Saturday, March 29, 2014

The Sixth Extinction by Elizabeth Kolbert

For this one, I thank Jon Stewart's The Daily Show for this one. He had Elizabeth Kolbert on the show and I was really interested in the book. I recommend following the link to go to the interview!

The Sixth Extinction covers the mass extinction happening right now to many plants and animals. There have been 5 extinction events previously, with the dinosaurs being the newest (relatively speaking). The cause of the sixth event turns out to be.... us.

Kolbert lays out the evidence that humans are, purposefully or not, pushing species right off the ledge of extinction. She lays out different issues in each chapter, ranging from the ever present but still poo-poo'd climate change, ocean acidity, coral reefs breaking down to how modern humans wiped out Neanderthals (after having sex with them).

It's not a horribly in-depth book, so you don't need a science degree to understand it, but it delves enough into each scenario to make you worry about the future of the earth. As one scientist noted we are liable to wipe ourselves out along with other species. And that is pretty scary.

Friday, March 28, 2014

Doctor Sleep by Stephen King

I'm trying desperately to remember if I've read The Shining or if I've seen the movies. I know this sounds bad, but it's such a well-known story, I feel like I've read it even though I really don't think I have. I've seen enough of the movie, enough of King's miniseries of the movie and The Simpson's episode.

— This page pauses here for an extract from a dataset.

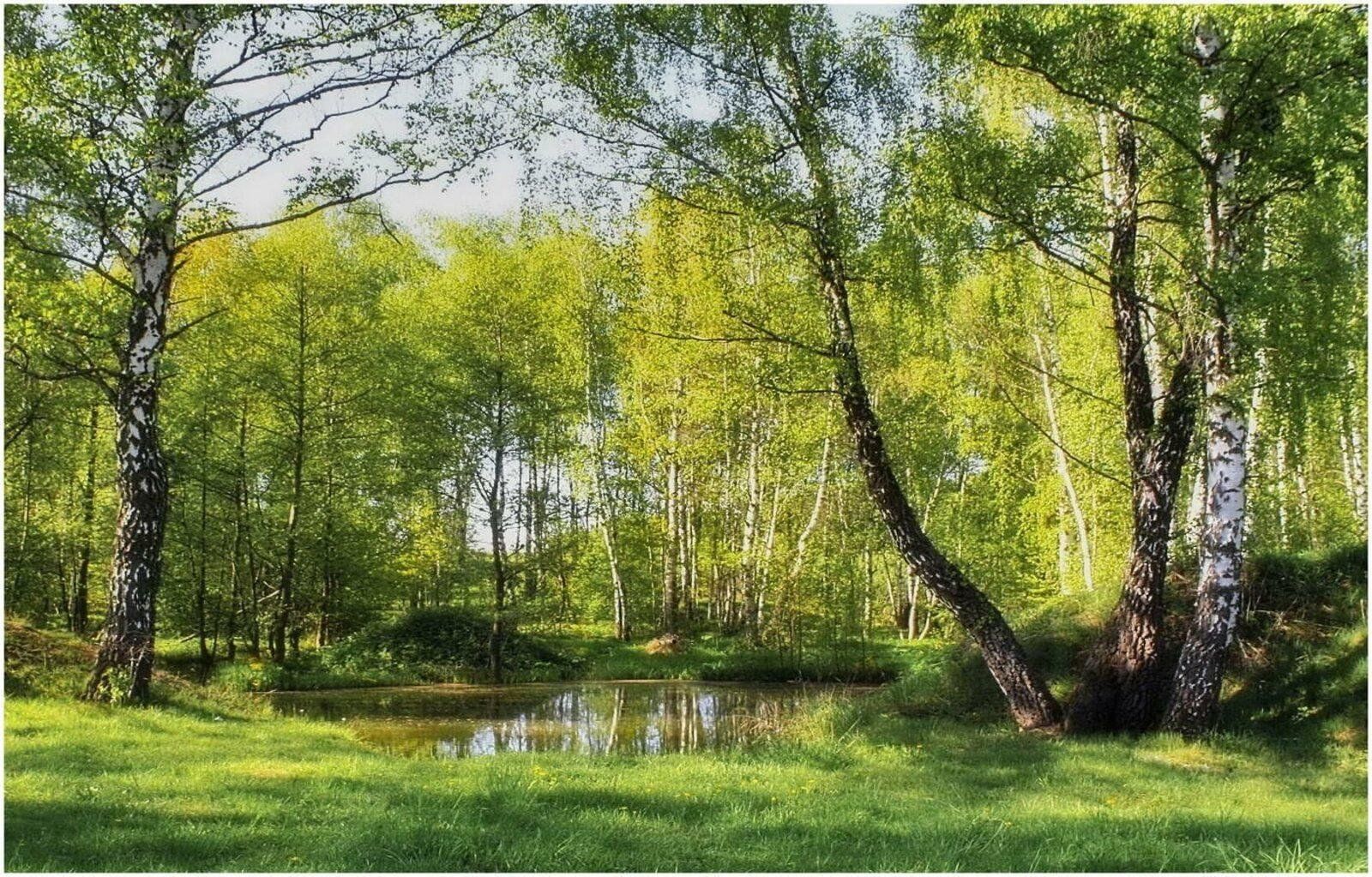 Природа мая картинки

Doctor Sleep is the sequel to The Shining and it's a damn good one. Little Danny Torrance and his mom Wendy survived the Overlook hotel and moved on to make a (somewhat sad) life for themselves. We start with Danny as a kid, still seeing the ghosts from the Overlook and learning tricks from Dick to keep his sanity.

Danny grows up and is basically a shadow of his father, giving in to his alcoholism and drifting around the US. The book mostly races through this time of Dan's life, focusing on one pivotal moment of a drunken haze, and blazing forward into a town called Frazier. And there we stay, while the events of Dan's life play out.

I don't think there are major plot points to give away but we are introduced to the True Knot, led by Rose the Hat. They are vampires of a sort, traveling the country in RVs, finding kids with shining to feed upon, suck dry and bury in shallow graves.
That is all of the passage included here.